Again, the proofs showed that a furnace properly placed, of capacity adequate to heat the house suitably, was worth one hundred and eighty dollars to one hundred and eighty-five dollars. That to remove the furnace furnished by defendant was worth ten dollars. There was a variation from the actual value from fifty to seventy-five dollars, and the plaintiff offered to show its limit of value was what it would bring for old iron, but that was excluded.

If the defendant omitted to comply with its contract, the plaintiff was entitled to recover in any event what he had paid on its purchase price. If, notwithstanding its defective condition, he had accepted and paid for it, he could recover as a legitimate result of the breach the difference in value between the furnace provided for in the contract and the one foisted on him by the defendant. It is not necessary that the complaint be dubbed in specific terms an action for breach of warranty to permit the plaintiff to obtain his damages.
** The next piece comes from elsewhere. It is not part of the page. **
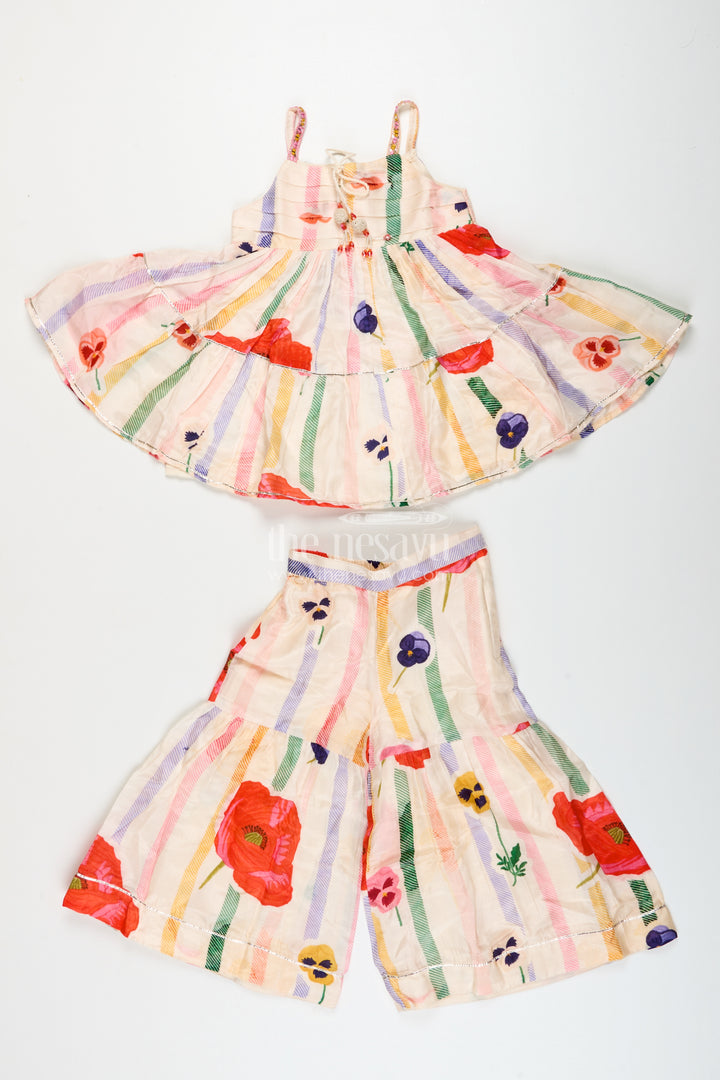 Muslin silk ethnic set for girls with layered top and printed plazo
The facts are alleged and the breach appears, and, without christening the cause of action by a legal cognomen, a recovery is permissible for the loss flowing therefrom.

*612The plaintiff alleged and proved a cause of action, and if there was a hiatus in his complaint, inasmuch as the proofs were all in the case, an amendment to conform to the facts would have been very proper.

The judgment should be reversed and a new trial ordered, with costs to the appellant to abide the event.

All concurred.

Judgment and order reversed and a new trial ordered', with costs to the appellant to abide the event.